Traditional High AvailabilityThe Whitepaper Approach


A wide variety of products are on the market today that provide high availability. Most of these utterly confuse the load balancing they provide with the notion of high availability. It is important to understand both heads of this beast (high availability and load balancing), so that you aren't duped into buying a safety blanket that won't keep you warm.

A traditional hardware high availability device provides a mechanism for advertising a virtual service (either UDP/IP or TCP/IP) to end-users and distributes the requests to that service to a set of machines providing that service (shown in Figure 4.3).
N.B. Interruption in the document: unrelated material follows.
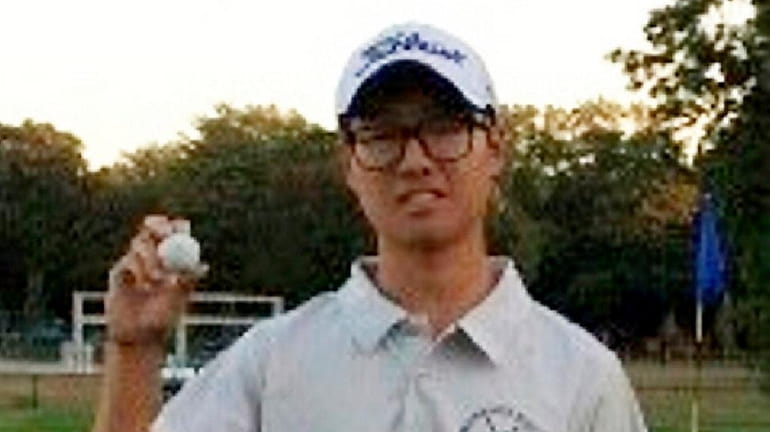 Timmy Na of the Sewahanka District boys golf team after...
In the case of web services, the device listens on an advertised IP address on port 80, and any web requests that arrive on that IP address are distributed over a set of locally configured web servers.

Figure 4.3. A load balancer advertising a virtual IP for real servers.


The device here has the capability to run service checks against the web servers to determine whether they are available to service requests. The service checks on these devices can range from simple ICMP pings to full HTTP requests with content validation. This means that if a machine fails, the device will eliminate that machine from the eligible set of machines over which it distributes requests. As long as a single machine is alive and well in the pool of servers, the service will survive. Sounds perfect, right? Not really.

Let's investigate the positive and negative aspects of using a dedicated high availability/load balancing device. In Figure 4.3, you'll notice that the high availability/load balancing device is clearly a single point of failure.

The fact that almost every large architecture has hardware load balancers deployed should tell you that they have powerful selling points. It is important to keep in mind that selling points aren't buying points and that some of the positive aspects listed may simply not apply to your architecture.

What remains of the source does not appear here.